Tony Abbott has created a new phrase that wonderfully describes a political tradition or paradigm: “not in our knitting”. “We have no history of funding urban rail and I think it’s important that we stick…

Rail has been a part of Federal “knitting” since, well, Federation. Annie Mole

Tony Abbott has created a new phrase that wonderfully describes a political tradition or paradigm: “not in our knitting”.

“We have no history of funding urban rail and I think it’s important that we stick to our knitting,” the Federal Opposition Leader declared. “And the Commonwealth’s knitting when it comes to funding infrastructure is roads.”

But is urban rail so easily dismissed as a national responsibility?

The Commonwealth of Australia was born out of a rail issue: Western Australia was brought into the Federation on the proviso that the Trans Continental Railway was built to Perth. The Australian Constitution mentions rail but not roads.

Post-war the Commonwealth set up a national highway program - as did the US - in response to a perceived security need. This is where the “knitting” became roads-based, and it was all outside cities. In recent years this has become blurred as first urban roads and then urban rail became part of the Federal knitting.
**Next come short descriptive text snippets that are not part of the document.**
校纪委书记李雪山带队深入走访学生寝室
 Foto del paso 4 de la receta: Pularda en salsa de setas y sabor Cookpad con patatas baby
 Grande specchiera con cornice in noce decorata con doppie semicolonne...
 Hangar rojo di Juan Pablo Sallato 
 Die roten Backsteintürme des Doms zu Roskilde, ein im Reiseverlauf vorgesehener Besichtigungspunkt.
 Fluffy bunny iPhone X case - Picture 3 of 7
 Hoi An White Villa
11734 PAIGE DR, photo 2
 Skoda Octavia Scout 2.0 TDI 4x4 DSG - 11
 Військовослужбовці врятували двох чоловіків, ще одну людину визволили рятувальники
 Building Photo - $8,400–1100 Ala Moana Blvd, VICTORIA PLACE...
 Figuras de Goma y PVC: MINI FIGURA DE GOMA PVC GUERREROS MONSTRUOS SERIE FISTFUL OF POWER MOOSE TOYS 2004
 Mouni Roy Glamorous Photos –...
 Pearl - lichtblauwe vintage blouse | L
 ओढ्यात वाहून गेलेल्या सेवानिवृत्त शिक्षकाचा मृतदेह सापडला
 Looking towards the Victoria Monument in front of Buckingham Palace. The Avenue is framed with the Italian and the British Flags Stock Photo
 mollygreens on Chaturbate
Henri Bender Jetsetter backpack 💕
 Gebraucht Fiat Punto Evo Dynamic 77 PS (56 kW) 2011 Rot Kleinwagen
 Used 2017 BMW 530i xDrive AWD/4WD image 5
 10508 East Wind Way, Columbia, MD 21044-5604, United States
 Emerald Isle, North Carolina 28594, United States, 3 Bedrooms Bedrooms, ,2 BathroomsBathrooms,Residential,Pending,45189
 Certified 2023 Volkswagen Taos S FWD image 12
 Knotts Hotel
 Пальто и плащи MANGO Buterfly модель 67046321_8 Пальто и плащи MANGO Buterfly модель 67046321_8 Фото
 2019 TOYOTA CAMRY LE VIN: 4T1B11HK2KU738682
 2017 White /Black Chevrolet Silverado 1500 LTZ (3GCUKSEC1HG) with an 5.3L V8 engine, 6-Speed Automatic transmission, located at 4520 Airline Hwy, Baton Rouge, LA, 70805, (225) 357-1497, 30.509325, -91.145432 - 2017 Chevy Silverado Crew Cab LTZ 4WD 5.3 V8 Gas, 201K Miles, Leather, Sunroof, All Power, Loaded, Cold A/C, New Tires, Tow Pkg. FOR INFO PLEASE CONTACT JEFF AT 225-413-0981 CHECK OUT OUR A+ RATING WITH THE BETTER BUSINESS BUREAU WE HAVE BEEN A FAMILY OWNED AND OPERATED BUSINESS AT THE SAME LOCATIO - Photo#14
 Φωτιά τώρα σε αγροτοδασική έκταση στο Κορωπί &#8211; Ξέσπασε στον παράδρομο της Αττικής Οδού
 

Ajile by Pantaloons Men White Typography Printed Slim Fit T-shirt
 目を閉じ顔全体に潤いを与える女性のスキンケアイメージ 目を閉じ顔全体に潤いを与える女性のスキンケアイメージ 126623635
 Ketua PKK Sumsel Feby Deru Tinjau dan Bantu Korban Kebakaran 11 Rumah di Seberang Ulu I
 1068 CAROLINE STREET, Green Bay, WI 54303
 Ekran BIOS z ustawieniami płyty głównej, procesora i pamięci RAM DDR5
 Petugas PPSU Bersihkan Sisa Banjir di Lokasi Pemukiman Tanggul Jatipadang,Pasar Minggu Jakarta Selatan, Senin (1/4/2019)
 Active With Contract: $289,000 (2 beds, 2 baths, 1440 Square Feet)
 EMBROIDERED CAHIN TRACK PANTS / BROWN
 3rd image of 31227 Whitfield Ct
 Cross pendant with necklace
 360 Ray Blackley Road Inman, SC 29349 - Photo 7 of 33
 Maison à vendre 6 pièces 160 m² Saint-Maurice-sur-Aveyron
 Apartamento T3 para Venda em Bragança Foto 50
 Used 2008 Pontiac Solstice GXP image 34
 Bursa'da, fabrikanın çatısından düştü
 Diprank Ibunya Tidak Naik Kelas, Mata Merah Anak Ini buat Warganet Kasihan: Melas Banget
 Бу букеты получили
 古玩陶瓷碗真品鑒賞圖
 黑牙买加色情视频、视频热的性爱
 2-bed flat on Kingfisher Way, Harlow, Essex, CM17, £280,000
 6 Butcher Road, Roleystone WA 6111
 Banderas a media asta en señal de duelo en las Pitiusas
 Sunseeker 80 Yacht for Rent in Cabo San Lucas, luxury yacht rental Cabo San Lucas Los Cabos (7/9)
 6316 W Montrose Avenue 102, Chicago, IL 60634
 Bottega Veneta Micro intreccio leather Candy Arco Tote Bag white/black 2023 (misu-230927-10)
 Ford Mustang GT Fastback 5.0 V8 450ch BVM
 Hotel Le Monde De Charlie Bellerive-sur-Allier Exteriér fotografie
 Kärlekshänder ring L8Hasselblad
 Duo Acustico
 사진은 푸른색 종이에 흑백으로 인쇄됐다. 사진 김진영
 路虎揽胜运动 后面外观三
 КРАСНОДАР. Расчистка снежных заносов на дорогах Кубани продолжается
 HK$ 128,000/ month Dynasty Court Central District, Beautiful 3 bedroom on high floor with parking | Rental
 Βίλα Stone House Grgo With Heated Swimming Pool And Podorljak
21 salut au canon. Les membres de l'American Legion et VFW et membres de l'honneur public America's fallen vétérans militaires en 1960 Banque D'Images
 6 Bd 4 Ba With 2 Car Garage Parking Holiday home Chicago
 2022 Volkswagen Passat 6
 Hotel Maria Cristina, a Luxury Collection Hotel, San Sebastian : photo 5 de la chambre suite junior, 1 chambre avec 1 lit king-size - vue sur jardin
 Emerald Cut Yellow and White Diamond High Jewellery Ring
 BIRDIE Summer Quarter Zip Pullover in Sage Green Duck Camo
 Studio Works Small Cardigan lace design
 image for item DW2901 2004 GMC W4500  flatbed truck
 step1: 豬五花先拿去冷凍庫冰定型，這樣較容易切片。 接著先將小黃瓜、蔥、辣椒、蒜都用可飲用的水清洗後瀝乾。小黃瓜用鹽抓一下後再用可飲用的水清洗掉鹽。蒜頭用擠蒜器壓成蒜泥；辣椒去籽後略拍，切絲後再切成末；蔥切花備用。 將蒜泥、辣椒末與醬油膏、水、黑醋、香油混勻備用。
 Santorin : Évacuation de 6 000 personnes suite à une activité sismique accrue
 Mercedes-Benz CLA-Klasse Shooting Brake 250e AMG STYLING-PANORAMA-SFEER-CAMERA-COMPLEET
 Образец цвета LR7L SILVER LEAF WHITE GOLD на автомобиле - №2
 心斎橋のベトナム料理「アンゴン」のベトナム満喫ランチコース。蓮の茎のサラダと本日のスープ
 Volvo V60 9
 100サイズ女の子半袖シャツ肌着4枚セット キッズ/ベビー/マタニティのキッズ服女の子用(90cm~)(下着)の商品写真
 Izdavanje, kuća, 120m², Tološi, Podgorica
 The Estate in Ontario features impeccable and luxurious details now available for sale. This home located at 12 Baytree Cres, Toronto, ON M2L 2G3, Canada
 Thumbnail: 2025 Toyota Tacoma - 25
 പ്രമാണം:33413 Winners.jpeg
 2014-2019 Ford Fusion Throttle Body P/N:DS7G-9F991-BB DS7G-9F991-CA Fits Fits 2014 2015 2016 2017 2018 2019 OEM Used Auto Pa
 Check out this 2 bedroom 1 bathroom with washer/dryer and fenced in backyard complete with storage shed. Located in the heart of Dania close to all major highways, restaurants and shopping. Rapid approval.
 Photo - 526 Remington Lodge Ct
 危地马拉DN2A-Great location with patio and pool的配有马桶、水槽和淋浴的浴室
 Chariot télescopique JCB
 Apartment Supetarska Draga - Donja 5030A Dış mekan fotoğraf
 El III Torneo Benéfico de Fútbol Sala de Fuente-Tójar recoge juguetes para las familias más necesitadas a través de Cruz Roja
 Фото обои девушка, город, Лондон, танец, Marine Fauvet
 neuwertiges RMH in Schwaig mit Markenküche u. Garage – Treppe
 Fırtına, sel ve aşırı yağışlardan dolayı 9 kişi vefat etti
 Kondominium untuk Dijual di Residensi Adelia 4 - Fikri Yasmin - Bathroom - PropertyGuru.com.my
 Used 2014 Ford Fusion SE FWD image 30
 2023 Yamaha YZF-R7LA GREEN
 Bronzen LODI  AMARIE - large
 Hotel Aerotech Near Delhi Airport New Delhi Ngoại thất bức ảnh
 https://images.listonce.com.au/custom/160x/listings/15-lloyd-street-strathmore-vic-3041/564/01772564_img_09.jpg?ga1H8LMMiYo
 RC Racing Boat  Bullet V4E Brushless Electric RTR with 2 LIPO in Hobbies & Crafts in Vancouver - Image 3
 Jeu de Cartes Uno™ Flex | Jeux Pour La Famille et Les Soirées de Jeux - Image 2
Infrastructure Australia was set up in 2008 with a remit to examine all transport infrastructure (and other areas of infrastructure) without political preference for particular modes but on their economic significance. Fifty-five percent of the first Nation Building funding went to urban rail because of its economic value.

Urban rail has been funded in Australia because it can provide higher benefits than costs. One of the new ways to see the benefit of urban rail, other than its higher speed over traffic, is its agglomeration economies.

Rail projects enable centres to form that are important for the knowledge economy, where most new jobs are created (these are known as agglomeration economies). The Cross Rail project in London had a benefit-cost ratio of 1.5 but it went to 3.0 when agglomeration benefits were included.

All cities are now seeing the benefits of urban rail.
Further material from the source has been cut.